Défaut de qualité à agir en nullité du mandataire d'une société-écran
La nullité de la vente pour défaut d’authenticité constitue l’un des principaux contentieux en droit du marché de l’art. Attirés par des investissements lucratifs dotés une fiscalité avantageuse, certains nouveaux collectionneurs utilisent le mécanisme des sociétés-écrans, souvent basées dans des paradis fiscaux, afin d’acquérir l’œuvre désirée[1]. Dès lors, la qualité à agir en nullité pour défaut d’authenticité appartient nécessairement à la société propriétaire et non au mandataire l’ayant représentée lors de la vente aux enchères publiques. La décision de la cour d’appel de Paris du 2 mars 2017[2] rappelle, en ce sens, les conditions de la qualité à agir en nullité et les éléments de fait à prendre en considération pour déterminer la qualité de propriétaire du bien litigieux.
Un tableau attribué à Alexandra Exter (1882 – 1949) fut adjugé 62 000 euros au terme d’une vacation du 14 juin 2007. Trois ans après l’adjudication, l’enchérisseur assignait l’opérateur de ventes volontaires afin d’obtenir la nullité de la vente. L’expert désigné par le tribunal conclut alors au défaut d’authenticité du tableau, qualifié par ses soins de « faux grossier ». Venant au droit de son mari décédé en cours d’instance, l’épouse de l’enchérisseur obtint l’annulation de la vente devant le Tribunal de grande instance de Paris le 26 mai 2015. La qualité à agir de l’épouse fut néanmoins contestée en appel au regard des articles 122 et 32 du Code de procédure civile.
Selon les défendeurs, le véritable propriétaire s’avérait être une société ayant son siège social au Panama. Deux éléments soutenaient cette prétention : le bordereau d’adjudication et la provenance du virement réglant l’achat. D’une part, le bordereau de vente, établi conformément à l’article L. 321-9 du Code de commerce, mentionnait le nom de l’adjudicataire. Mais sur la carte de visite qui avait été jointe au document, la mention « Pour le compte de … » avait été ajoutée de façon manuscrite. Par ailleurs, le numéro de client du bordereau avait été biffé et remplacé par un autre. D’autre part, le lot et les frais de vente avaient été réglés par un virement provenant d’une banque suisse dont le titulaire du compte était une société ayant son siège social au Panama. Dès lors, l’enchérisseur final n’était que le mandataire de la société, véritable adjudicataire. Il n’était donc que le détenteur précaire de l’objet et n’avait pas qualité à agir en nullité.

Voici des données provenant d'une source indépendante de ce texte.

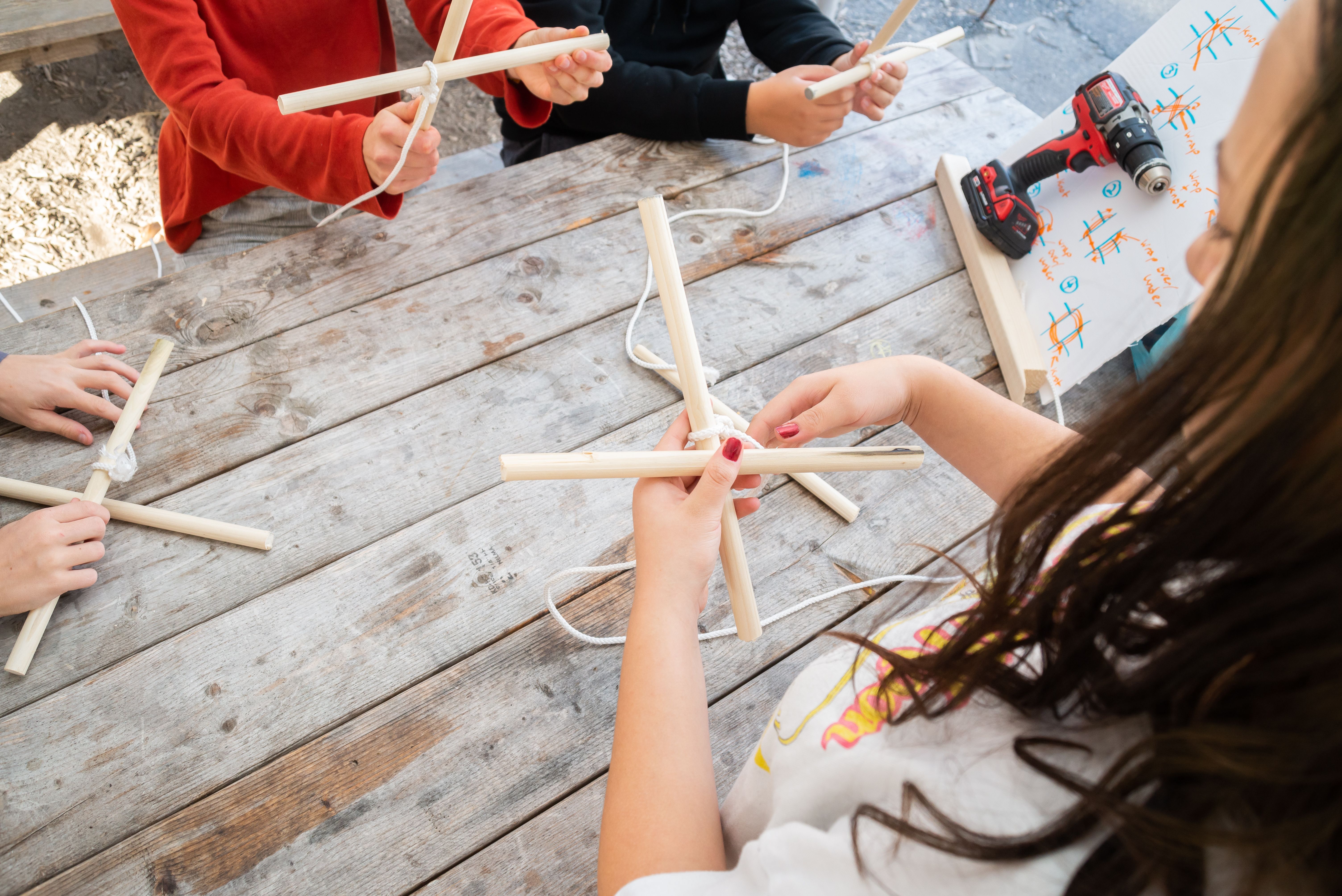 Demonstration of tying two sticks together.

Afin de prouver sa propriété, l’intimée énonçait que la société de droit panaméen avait été dissoute en 2012 et que l’acquisition, suspectée d’être une opération de blanchiment de fraude fiscale par la partie adversaire, avait fait l’objet d’une régularisation avec l’administration fiscale. Par ailleurs, elle invoquait l’article 1236 ancien du Code civil prévoyant que toute personne peut procéder au paiement d’une obligation même s’il elle n’y est pas intéressée.
La cour d’appel de Paris infirme la décision du TGI en retenant que le requérant ne rapportait pas la preuve de l’acquisition du tableau. En effet, nonobstant la qualité d’associée de la société panaméenne des époux, ces derniers ne sont que les détenteurs précaires du tableau. La cour précise que l’article 2257 du Code civil empêche toute prescription acquisitive de propriété du bien meuble, du fait de la détention précaire. Dès lors, la cour d’appel énonce que l’épouse « ne venant pas aux droits de l’acheteur, [elle] n’a pas la qualité à agir en nullité de la vente sur adjudication ». Ses demandes en annulation et en indemnisation sont donc rejetées.
Par Simon Rolin
Stagiaire du cabinet entre janvier et avril 2017
[1] Sur la question des sociétés-écrans et du marché de l’art, V. A. Fournol, « Marché de l’art et sociétés-écrans », Le Journal des Arts, no 457, 13 mai 2016.
[2] CA Paris, pôle 2, ch. 2, 2 mars 2017, RG no 15/15732.